The Department of Transportation will provide financial incentives to trucking companies and business to reduce peak-hour deliveries and the congestion and danger that comes with them — a longtime goal of safety advocates.
With the bustling roadways of Downtown Brooklyn's Albee Square shopping hub as a backdrop, Commissioner Ydanis Rodriguez announced that the agency would allocate $6 million from a federal air quality and congestion improvement program and another $5 million in anticipated funds from congestion pricing to upgrade trucks, add security at businesses to enable deliveries without staff, and install security cameras.
For small businesses, one of the biggest barriers to accepting deliveries overnight is having to pay after-hours staff. DOT hopes that the incentives will lessen the blow.
The money would go to business, though it is unclear how large the grants will be. But if successful, the DOT says it will add 5,000 off-hour delivery locations by 2040, up from 1,120 now, and shift 62,000 trucks away from peak hours.
"New Yorkers are receiving more deliveries than ever before,” Rodriguez said in a statement. “This incentive program will support local businesses and benefit all New Yorkers by reducing the number of delivery trucks on our roads during busy daytime hours.”
Around 90 percent of all goods enter or move around the city on trucks. This puts a strain on the limited street space, increases the likelihood of an injury-caused crash, and contributes to air pollution. The expanded program builds on something the agency started in 2010, when 27 businesses participated.
The magnitude of the problem is confounding: Around 120,000 trucks enter Manhattan and around 73,500 enter Brooklyn every day — but in some of the busiest parts of those boroughs, 80 percent of that truck traffic is moving around between 7 a.m. and 7 p.m., the most congested time of the New York day.
The number of deliveries is only growing, with the agency saying freight traffic is expected to increase by 68 percent by 2045, so shifting many of those trucks to off-peak deliveries is essential
“Embracing off-peak deliveries isn’t just about business – it’s about prioritizing safety, sustainability, and efficiency for all New Yorkers,” Manhattan Borough President Mark Levine said in a statement.

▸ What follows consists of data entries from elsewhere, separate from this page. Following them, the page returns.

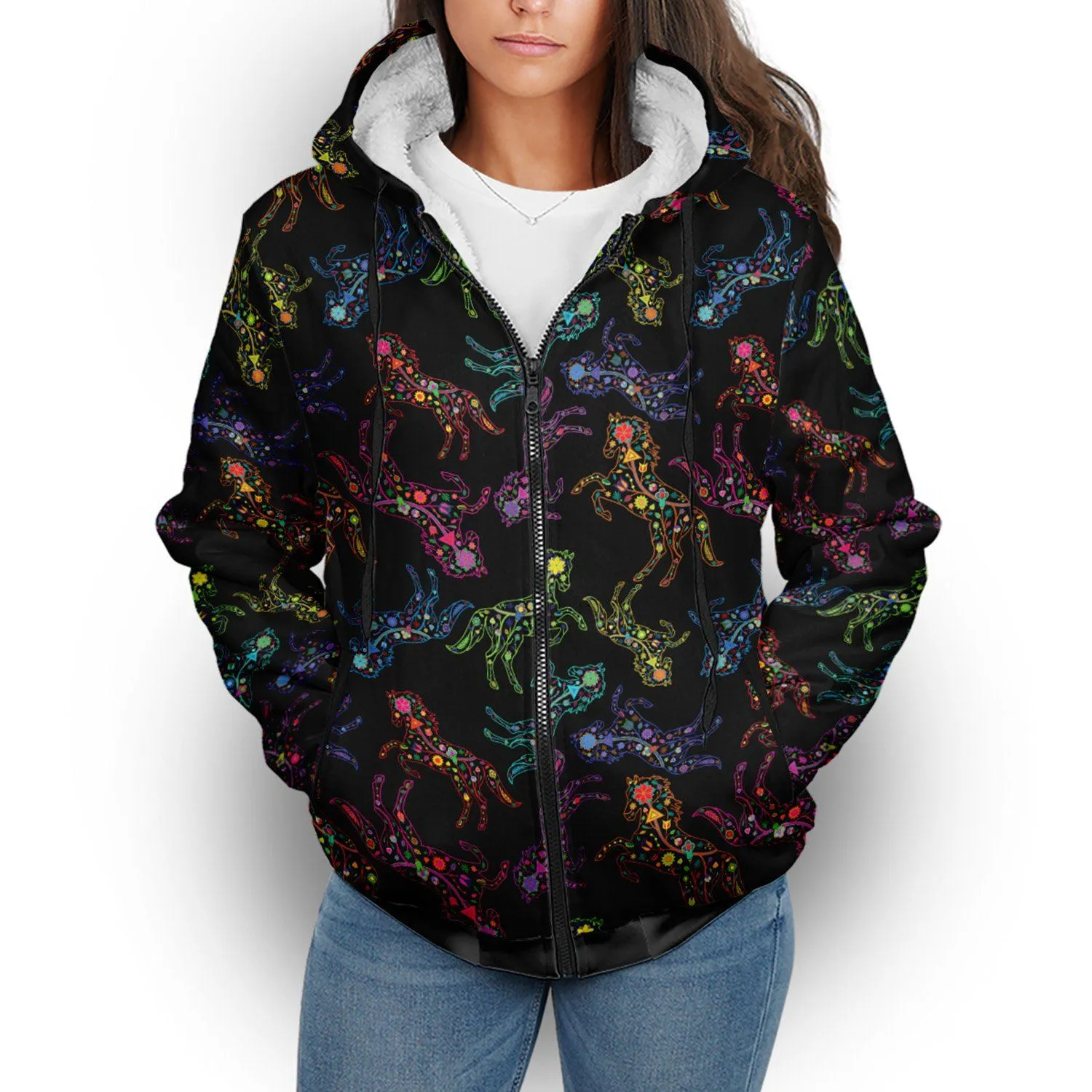 Neon Floral Horses Sherpa Hoodie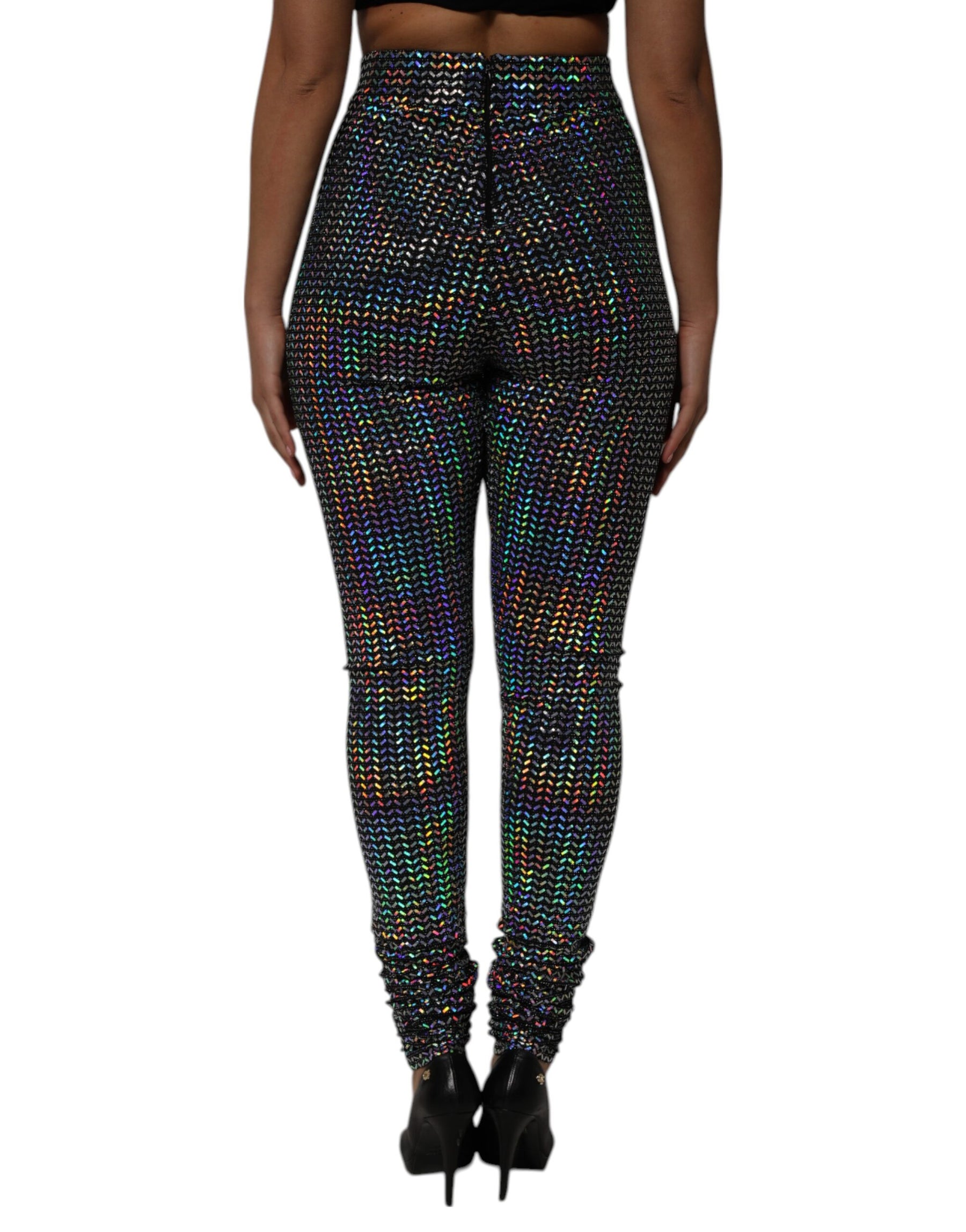 Dolce & Gabbana Multicolor Sequined Leggings Trouser Pants | Regal Royce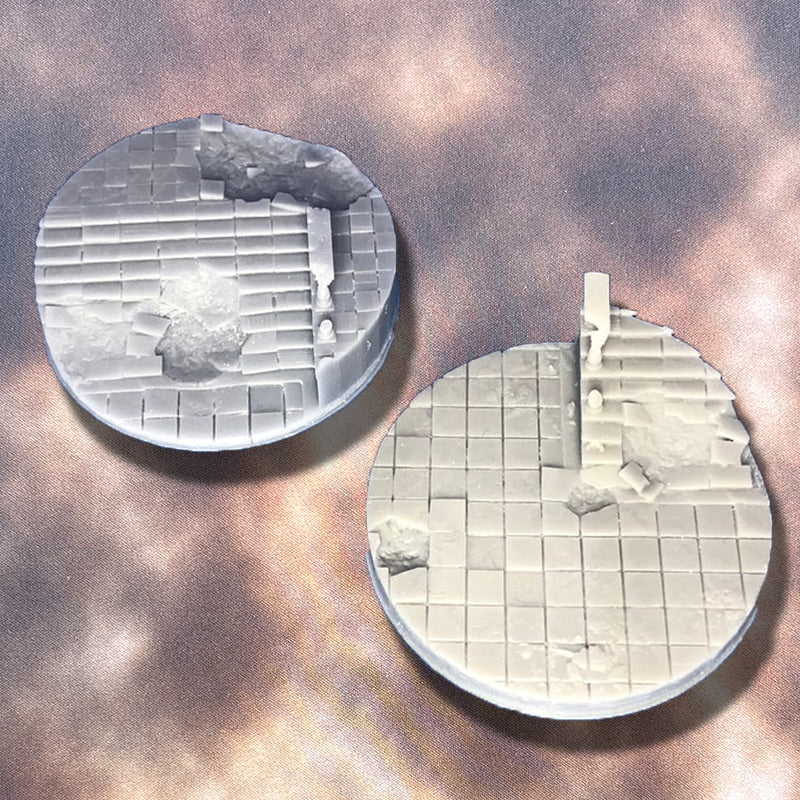 50mm Round Ruined Plaza Scenic base set (2 Bases)
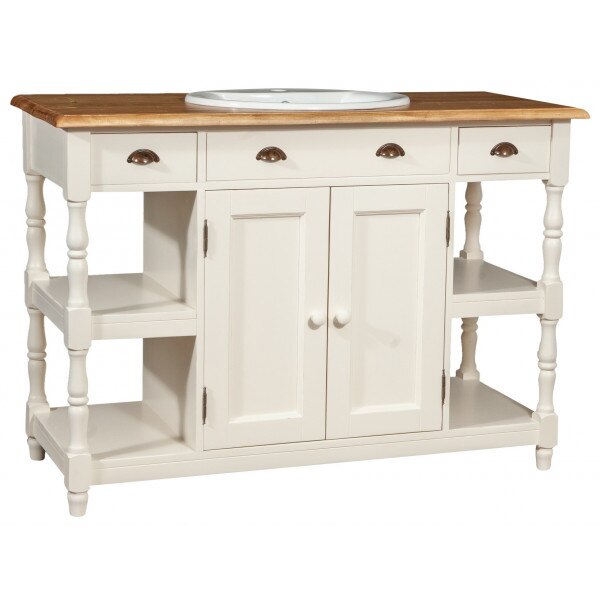 Mobilier de baie, alb/natur, Tuscan Furniture, Mobila din lemn, 128 x 54 x 92 cm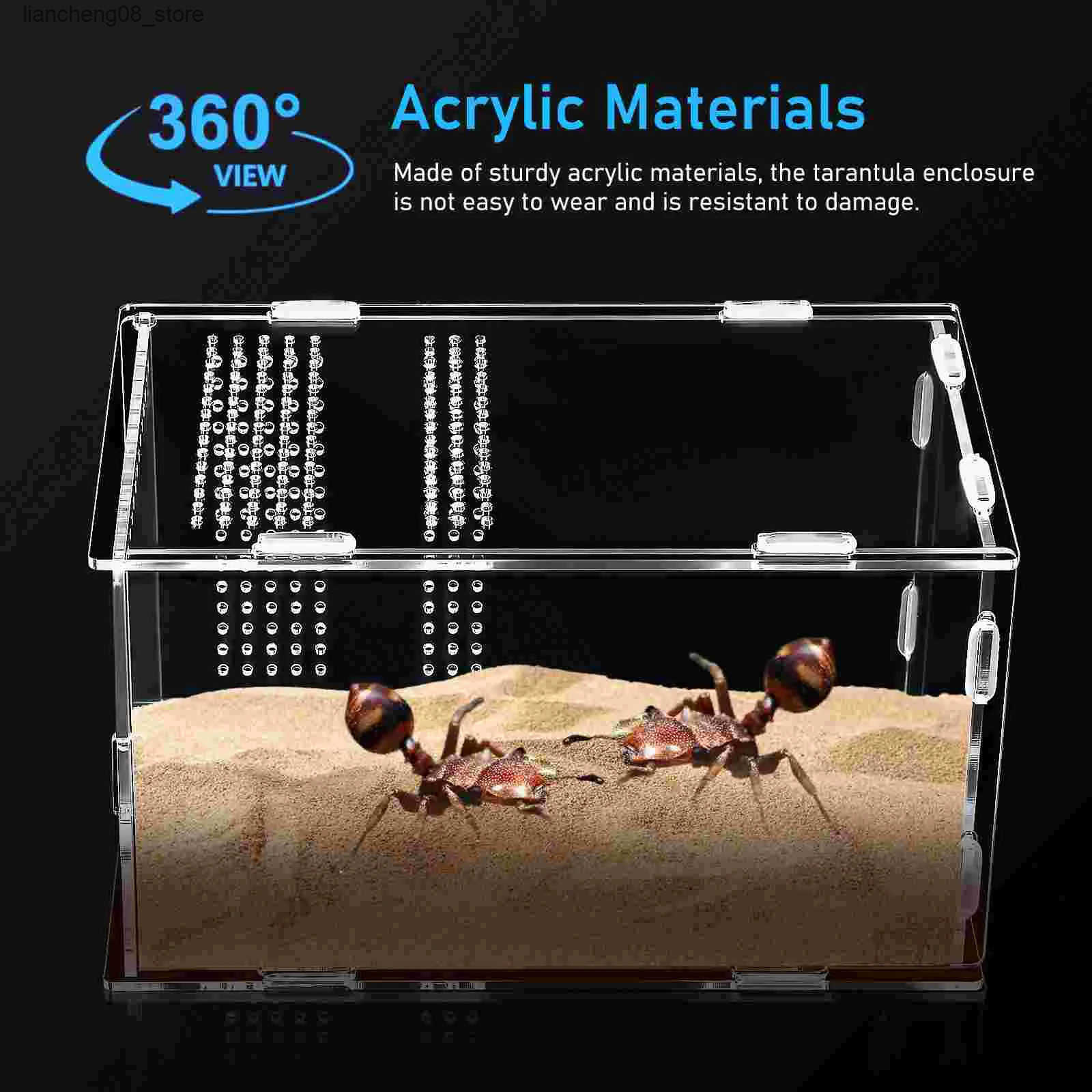 Other Pet Supplies Feeding box living box gecko tank reptile shell jumping spider snail acrylic frog Terrarium transparent L240910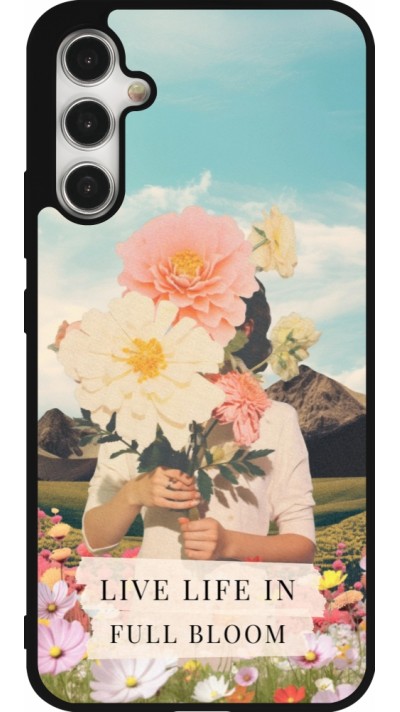 Coque Samsung Galaxy A34 5G - Silicone rigide noir Live life in full moon Spring 2026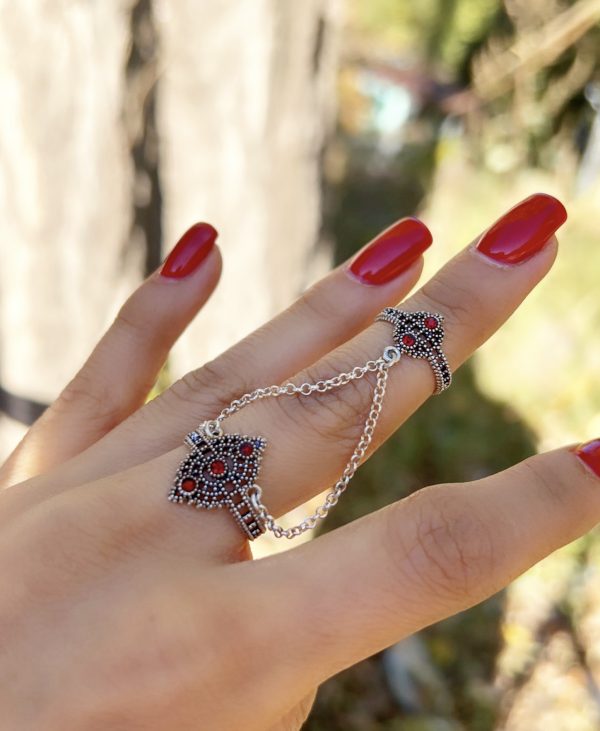 Sterling Silver Red Stone Double Ring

Rodriguez was joined on Wednesday by Zach Miller of the Trucking Association of New York and Tiffany-Ann Taylor of the Regional Plan Association, but no representatives of any small businesses. And that could be an issue; Miller said that smaller companies and businesses need the incentives the most because "larger chains [have] self-contained supply chains [so] it's easier to set off-hour delivery schedules."
Indeed, DOT said the existing off-hour delivery incentive program includes large stores such as Whole Foods, Just Salad and Wegmans.
"A lot of [the small companies] stopped," Miller said, but Rodriguez said he had "seen progress" since the program's earliest day when he was a Council member representing upper Manhattan.